Section 10 of the Act says that the working period, including rest intervals, will not exceed 12 hours a day. The Karnataka government wanted to increase this limit to 14 hours.
“Introducing such a drastic change through government policy disrupts established work models. Uncertainty and confusion are likely to arise regarding project deadlines, workload distribution, and compensation for extended hours. Forcing compliance through policy changes could stifle innovation and demoralise the workforce,” says Sunil C, country manager, Adecco India.
Expanding Base
Interestingly, Karnataka wouldn’t have been the first state to exempt IT/ITeS from the purview of the Shops and Establishments Act. In states like Gujarat, Telangana and Odisha, all IT, ITES and financial services establishments have already been exempted from the applicability of fixing hours of work, giving employers greater flexibility to determine the working hours of their employees. The exemption covers various sections pertaining to operating hours, work timings and safety and security, overtime wages etc.

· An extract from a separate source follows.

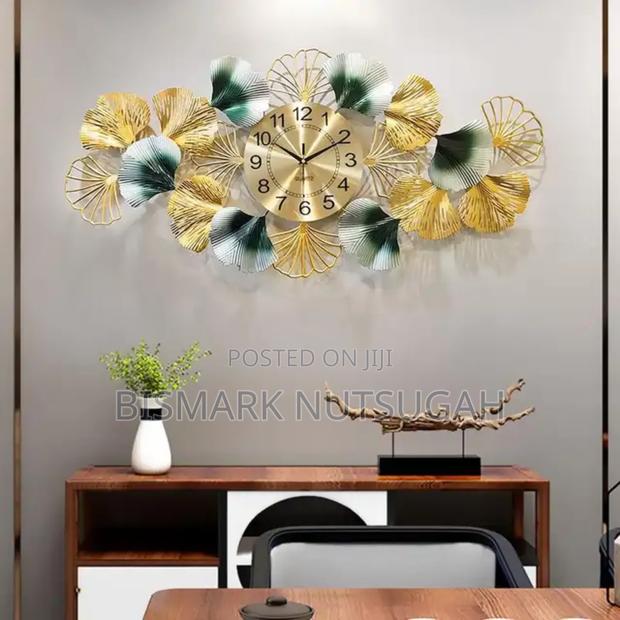 Wall Clock for Sale · Photo 4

According to a Karnataka GCC Landscape Report released on July 15, Karnataka will have about one million professionals working in GCCs (global capability centres) by 2030. There are about 5.70 lakh people employed in GCCs, as of now, the report said and Bengaluru holds an impressive 39% market share of the larger GCC market in India.
A source in Karnataka’s IT-BT department says, “There was a call from the IT/ITeS companies to align the work hours here with the global shift of 12 hours. Our aim was only to provide flexibility to these industries that often operate round-the-clock…The government will always ensure that employees’ rights and welfare are safeguarded, striking a balance between operational needs and employees’ protection,” the source adds.
For instance, the recent global Microsoft outage created significant operational challenges, and to make up for the loss, extra work hours would have helped to meet the deadlines. Moreover, GCCs’ expanding base along with a vibrant start-up ecosystem in Karnataka requires added manhours.
Impact on Health
The KITU pointed out studies on the health impact of extended working hours among IT employees. “As per the report of KCCI, 45% of employees in the IT sector are facing mental health issues such as depression and 55% facing physical health impacts. Increasing working hours will further aggravate this situation,” it said.
Presently, IT sector employees’ work stretches to 10-12 hours during peak project delivery phases to meet increased demands. “14-hour work shifts are unlikely to be productive. Extended hours decrease focus, increase errors, and lead to burnout. Long hours are linked to health problems that reduce well-being and increase absences,” says Sunil. He adds, “A sustainable solution should prioritise creating adaptable work models rather than simply extending working hours. This could involve exploring options such as remote work or staggered shifts to achieve efficiency without compromising employee well-being.”
There are many studies and researches that say productivity does not necessarily increase when hours are lengthened, and that in many industries, it appears that shorter hours are associated with higher output rates per hour. Before coming out with any law that causes upheavals, the Karnataka government should consult all stakeholders for a realistic work boundary. Any impulsive government decision impacting the operation of IT/ITeS can backfire, with both the employers and the employees relocating to other cities that offer better support.